Das Ende Oktober vorsichtiger formulierte Umsatzziel für 2008 erfüllte MAN: Bei Bekanntgabe der Drittquartalszahlen hatte der Fahrzeug- und Maschinenbauer nur noch eine in der Höhe nicht konkretisierte Einnahmensteigerung in Aussicht gestellt. Bis dato waren 10% Umsatzwachstum geplant gewesen.

Im Schlussquartal 2008 verzeichnete MAN Einnahmen von 3,96 (4,74) Mrd EUR sowie ein operatives Ergebnis von 358 (549) Mio EUR und schnitt damit etwas besser ab als erwartet. Lediglich das Nettoergebnis, das um 47% auf 177 (331) Mio EUR einbrach, blieb hinter den Konsensschätzungen der Analysten zurück.

Für 2009 rechnet MAN auf Konzernebene mit rückläufigen Neuaufträgen und Einnahmen. Der Ausblick sei nach wie vor mit großen Unsicherheiten behaftet, hieß es von Unternehmensseite.
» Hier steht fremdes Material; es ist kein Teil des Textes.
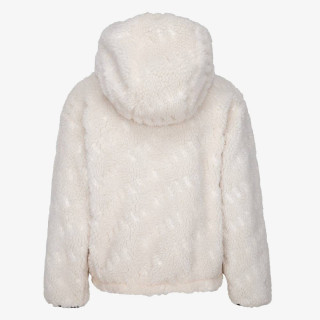 NIKE JAKNA JDG JACQUARD SHERPA JKT 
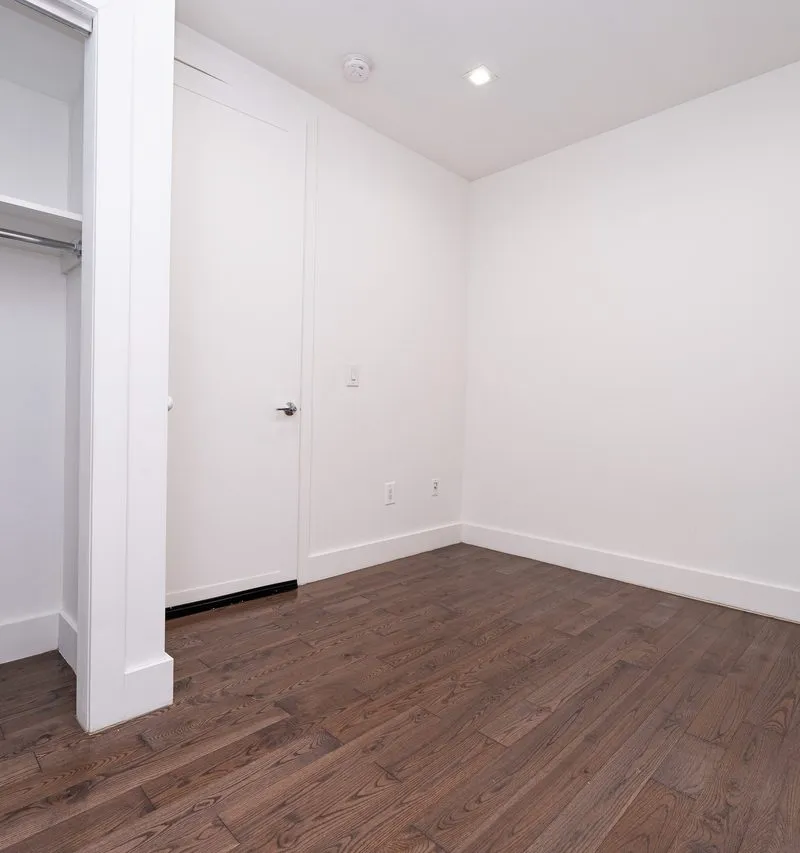 Private room in New York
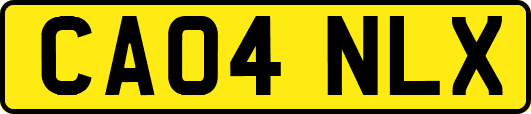 CA04NLX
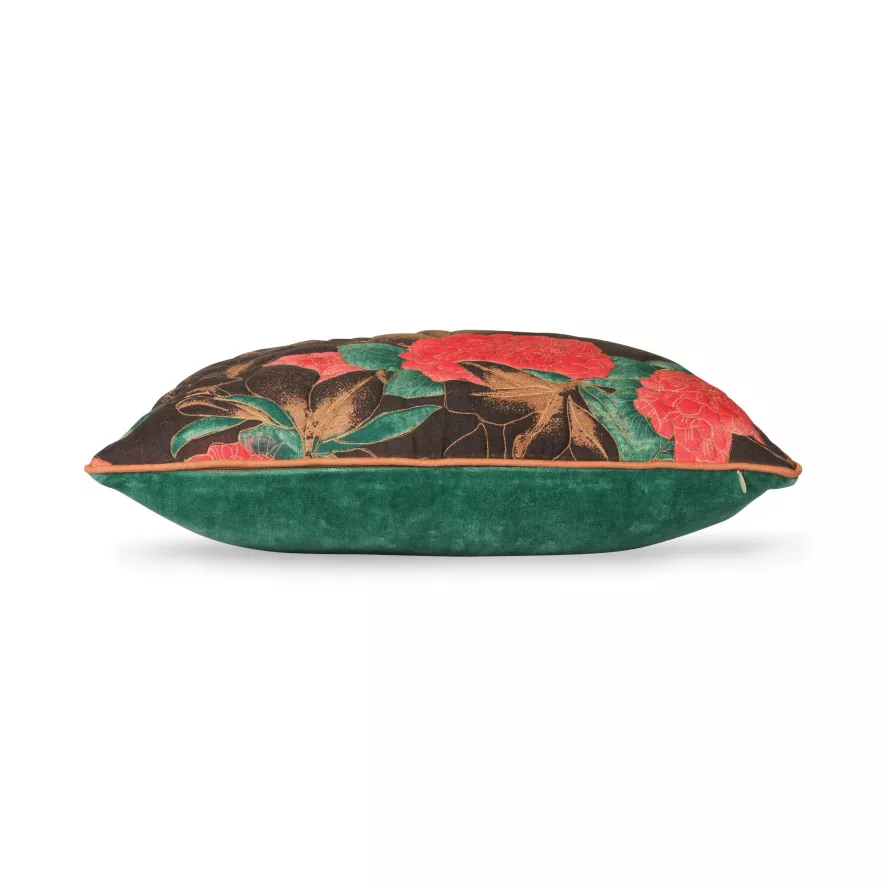 HKliving Doris For HKliving Kussen 30x40 Jungle 16 HKliving Doris For HKliving Kussen 30x40 Jungle - Afbeelding 16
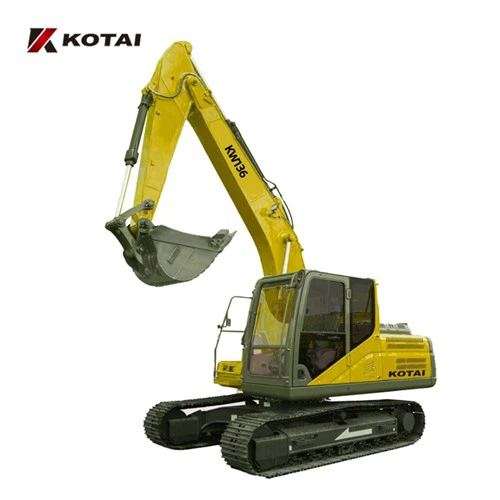 Jengkaut Sederhana Mesin Hidraulik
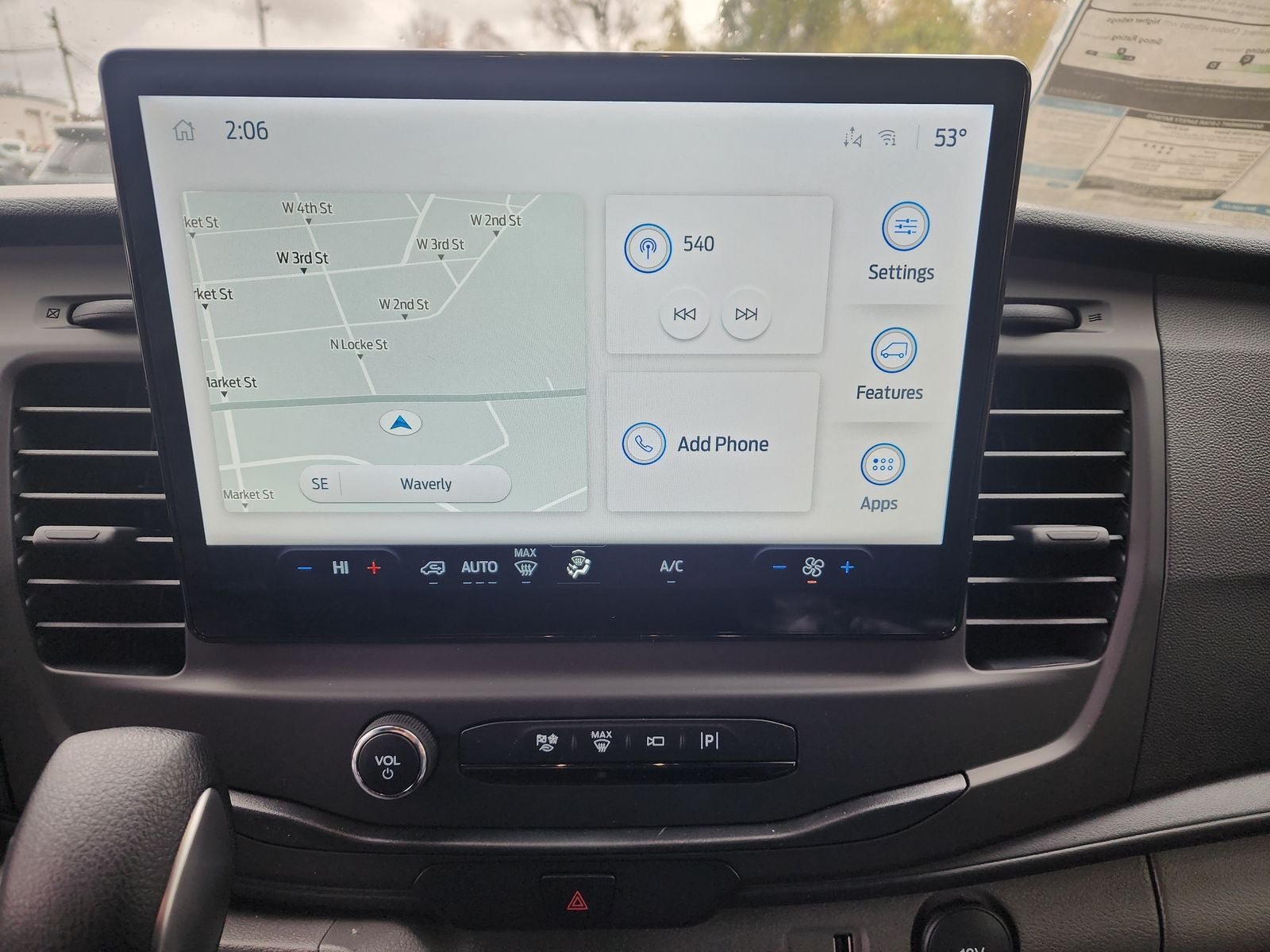 2025 Ford Transit-250 Base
Mit weiteren Maßnahmen besonders im Nutzfahrzeuggeschäft will MAN den erwarteten Umsatzrückgang abfedern.

Schon im Dezember hatte Samuelsson die Anleger auf eine länger anhaltende Wirtschaftskrise eingestimmt, aber versprochen, der Konzern werde schnell darauf reagieren. Um die angepeilte Mindestrendite trotz des erwarteten Umsatzrückgangs zu schaffen, sollen die Kosten in der Lkw-Produktion um 30% gesenkt werden. Unter anderem kündigte MAN zu diesem Zweck Produktionsunterbrechungen an und reduzierte die Zahl der Zeitarbeiter zum Jahresende um 38%.

Samuelsson sagte auf der Bilanzpressekonferenz in München, dass für das erste Halbjahr 2009 mit einem weiter schrumpfenden Lkw-Markt zu rechnen sei. Der Rückgang könnte bei bis zu 50% liegen, Signale für eine Besserung seien nicht in Sicht. "2009 wird ein sehr schwieriges Jahr. (...) Wir müssen uns so konsequent und schnell wie möglich an die neue Marktsituation anpassen".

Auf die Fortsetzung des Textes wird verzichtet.